SWA + MoE: Attention and Sparse Experts¶

Layers 9–16 combine Sliding Window Attention (SWA) for local reasoning with a Shared-Expert Mixture-of-Experts (MoE) for sparse computation. Layers 17–24 drop attention and pair Axon-SSM with the same MoE design.

Sliding Window Attention¶

Overview¶

Property	Value
Hidden dim	2,560
Num heads	32
Head dim (\(d_k\))	80 (\(2560 / 32\))
Window size	4,096
Complexity	\(O(n \cdot w)\) instead of \(O(n^2)\)
Layers	9–16 only
KV cache	External `KVCache` for incremental decoding

Algorithm¶

Input x: (batch, seq_len, 2560)
            │
    ┌───────┼───────┐
    ▼       ▼       ▼
  q_proj  k_proj  v_proj     (each 2560 → 2560)
    │       │       │
    ▼       ▼       ▼
  reshape + transpose  →  (batch, 32, seq_len, 80)
    │       │       │
    │       └───┬───┘
    │           │
    │    ┌──────┴──────┐
    │    │ cache update │  (append K, V if decoding)
    │    └──────┬──────┘
    │           │
    ▼           ▼
    Q          K, V
    │           │
    └─────┬─────┘
          ▼
  ┌───────────────┐
  │  scores = QKᵀ │   scaled by 1/√d_k
  │    / √80      │
  └───────┬───────┘
          ▼
  ┌───────────────┐
  │ + sliding     │   causal AND window mask
  │   window mask │
  └───────┬───────┘
          ▼
  ┌───────────────┐
  │   softmax     │
  └───────┬───────┘
          ▼
  ┌───────────────┐
  │   × V         │
  └───────┬───────┘
          ▼
  reshape + transpose  →  (batch, seq_len, 2560)
          │
          ▼
      o_proj (2560 → 2560)
          │
          ▼
      Output: (batch, seq_len, 2560)

Attention Formula¶

\[\text{Attention}(Q, K, V) = \text{softmax}\!\left(\frac{QK^T}{\sqrt{d_k}} + M\right) V\]

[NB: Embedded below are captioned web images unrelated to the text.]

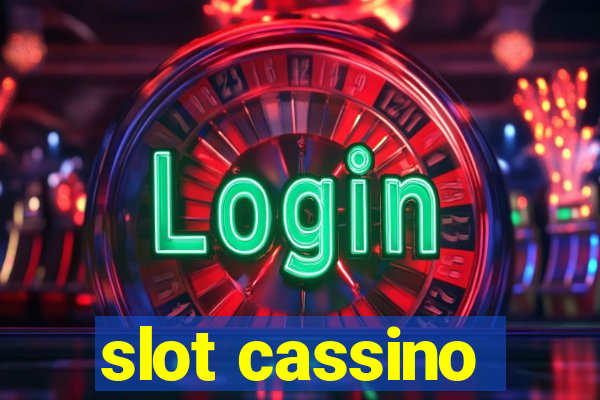 slot cassino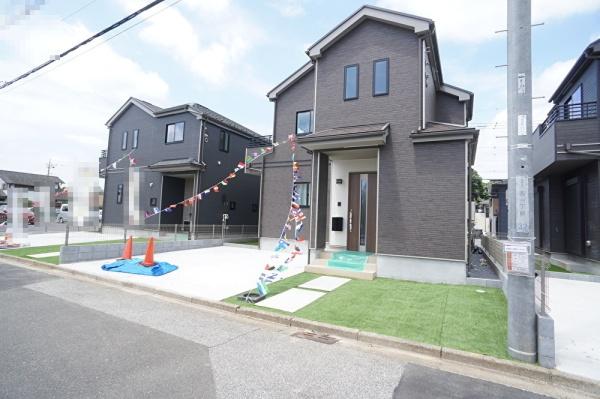 取手市西１丁目の新築一戸建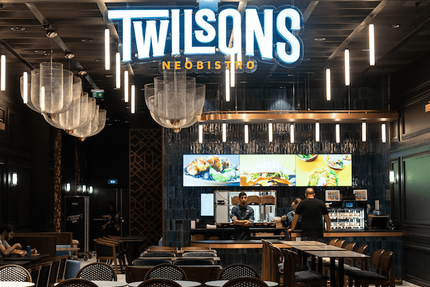 Twilsons - Gennevilliers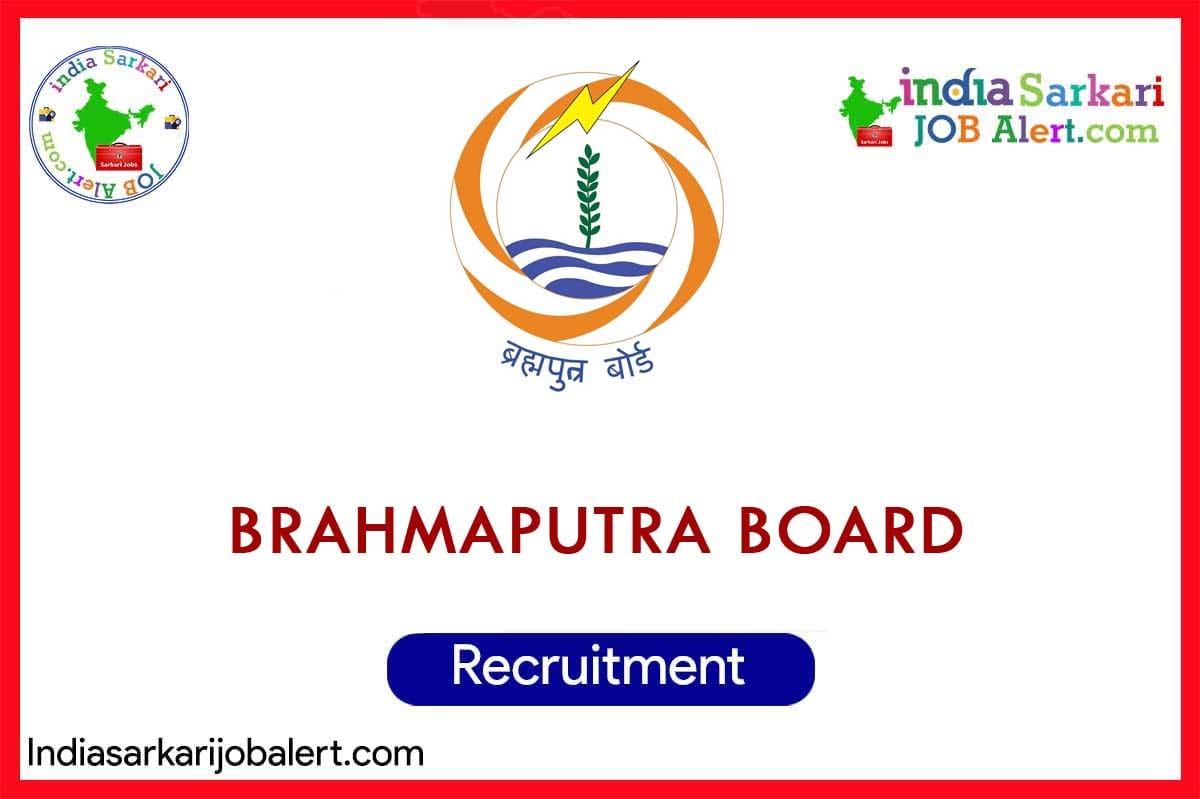 Brahmaputra Board AEE Recruitment 2025: Apply for Assistant Executive Engineer (Civil) Posts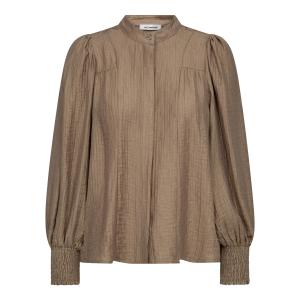 TASSYCC SHIRT TAUPE CO'COUTURE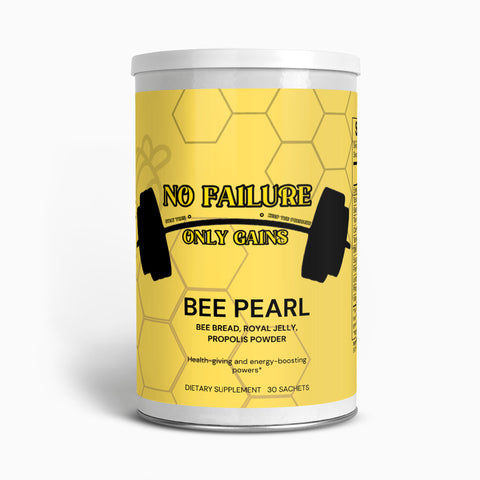Bee Pearl Powder - No Failure Only Gains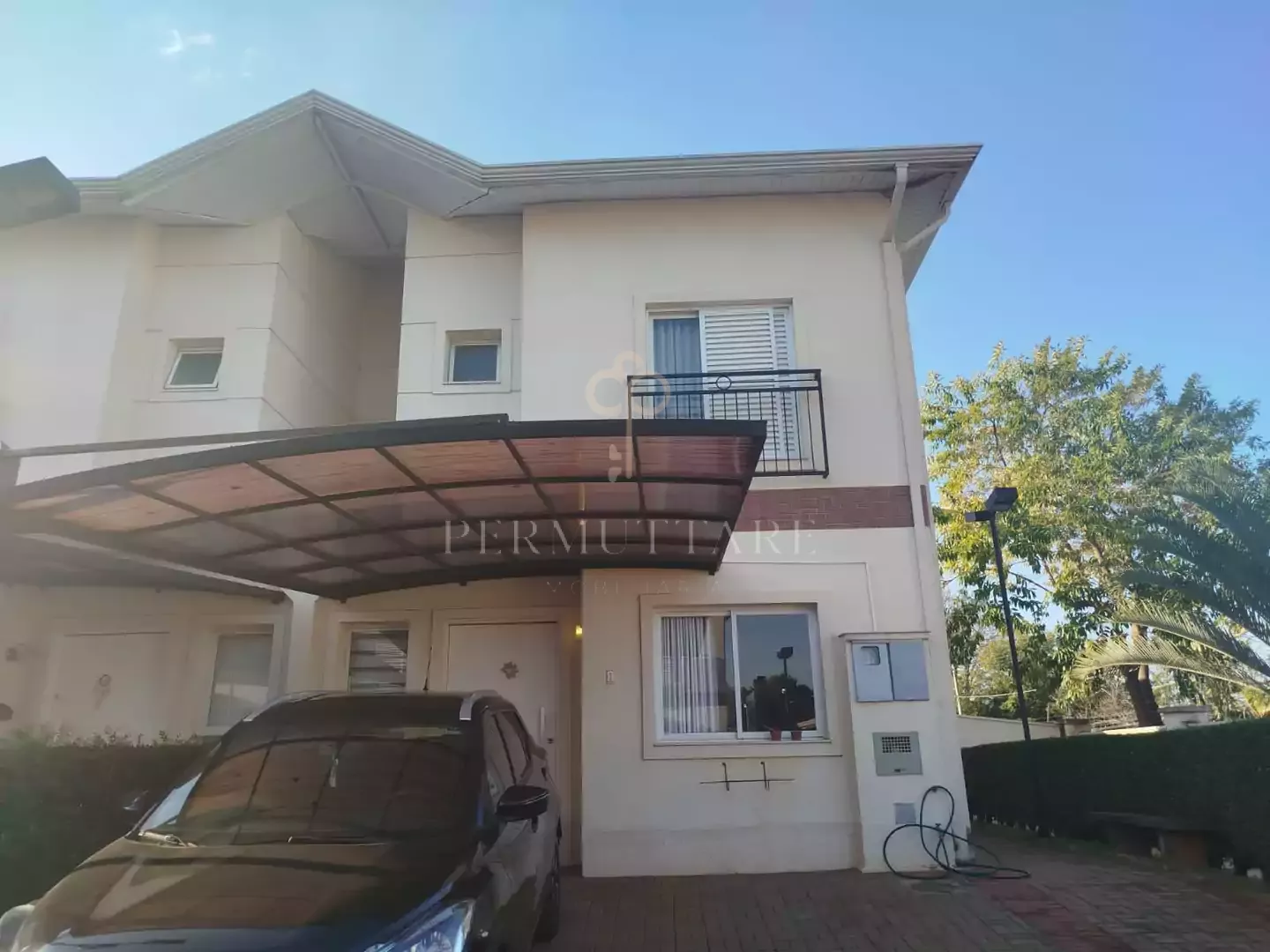 Casa 3 Quartos A Venda No Condominio Sunrise No Bairro Fazenda Santa Candida.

Where \(M\) is the combined mask applied element-wise to the attention scores.

Sliding Window Mask¶

Each position can attend only to previous positions within the window:

\[M_{i,j} = \begin{cases} 0 & \text{if } j \leq i \text{ and } i - j < w \\ -\infty & \text{otherwise} \end{cases}\]

The mask combines two conditions:

Causal: \(j \leq i\) — tokens cannot attend to future positions
Window: \(i - j < 4096\) — tokens cannot attend beyond the window

In code:

causal_mask = k_pos[None, :] <= (q_pos[:, None] + causal_offset)
window_mask = (q_pos[:, None] + causal_offset) - k_pos[None, :] < self.window_size
mask = mx.where(causal_mask & window_mask, 0.0, -mx.inf)

The causal_offset accounts for KV cache length during autoregressive decoding, where kv_len > seq_len.

KV Cache for Incremental Decoding¶

Only the 8 SWA layers (9–16) produce a KV cache. During prefill, K and V tensors for the full prompt are stored. During decode, each new token's K/V row is appended:

Prefill:  K, V shape = (batch, 32, prompt_len, 80)
Decode:   K, V shape = (batch, 32, prompt_len + n_decoded, 80)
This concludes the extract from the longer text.